Exercise 3: backprop through batchnorm but all in one go#
We now get to exercise number three, which is a very fun exercise depending on your definition of fun. We are going to do for batchnorm exactly what we did for cross entropy loss in exercise 2. That is that is we are going to consider it as a glued single mathematical expression and backprop through it in a very efficient manner because we are going to derive a much simpler formula for the backward pass of batchnorm and we’re going to do that using pen and paper. So previously we’ve broken up batchnorm into all of the little intermediate pieces and all the atomic operations inside it and then we backpropagated through it one by one. Now, we just have a single forward pass and it’s all glued together:
# Exercise 3: backprop through batchnorm but all in one go
# to complete this challenge look at the mathematical expression of the output of batchnorm,
# take the derivative w.r.t. its input, simplify the expression, and just write it out
# forward pass
# before:
# bnmeani = 1/n*hprebn.sum(0, keepdim=True)
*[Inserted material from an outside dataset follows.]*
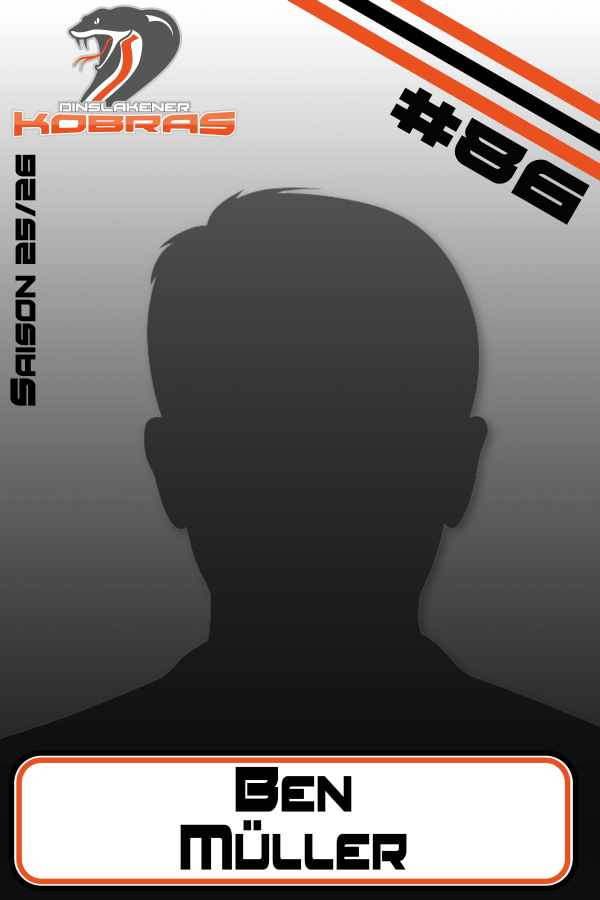 #86 Ben Müller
# bndiff = hprebn - bnmeani
# bndiff2 = bndiff**2
# bnvar = 1/(n-1)*(bndiff2).sum(0, keepdim=True) # note: Bessel's correction (dividing by n-1, not n)
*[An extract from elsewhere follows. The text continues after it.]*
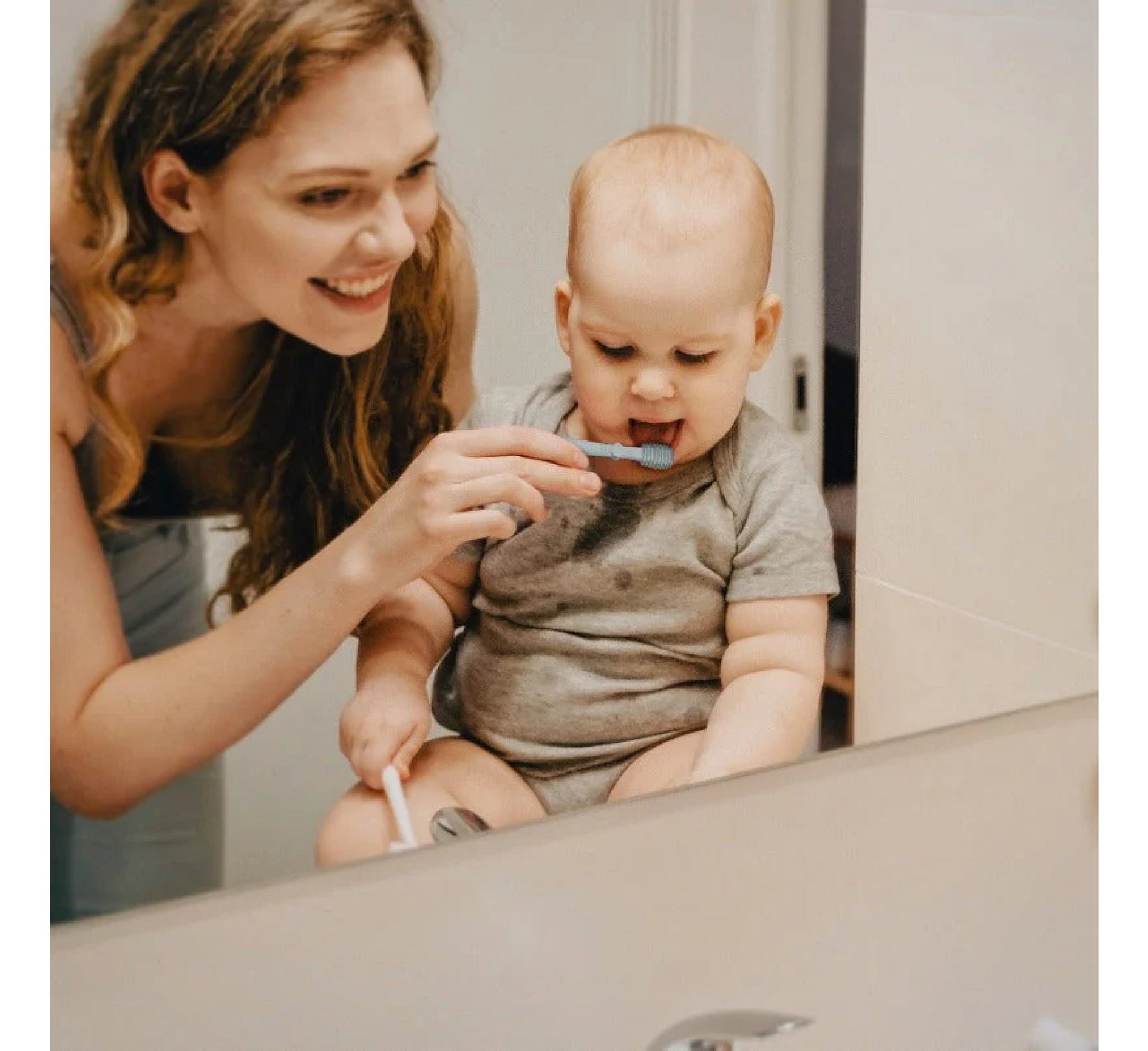 Set për Kujdes Oral për Fëmijë Moonkie 0+ Muaj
# bnvar_inv = (bnvar + 1e-5)**-0.5
# bnraw = bndiff * bnvar_inv
# hpreact = bngain * bnraw + bnbias
# now:
hpreact_fast = (
bngain
* (hprebn - hprebn.mean(0, keepdim=True))
/ torch.sqrt(hprebn.var(0, keepdim=True, unbiased=True) + 1e-5)
+ bnbias
)
print("max diff:", (hpreact_fast - hpreact).abs().max())
max diff: tensor(4.7684e-07, grad_fn=<MaxBackward1>)
And we see that we get the exact same result as before: an almost-zero difference. Now for the backward pass, we’d like to also implement a single formula basically for backpropagating through this entire operation that is the batchnorm. So in the forward pass previously we took hprebn, the hidden states of the pre batch normalization and created hpreact which is the hidden states just before the activation. In the batchnorm paper:
from IPython.display import Image, display
display(Image(filename="batchnorm_algorithm1.png"))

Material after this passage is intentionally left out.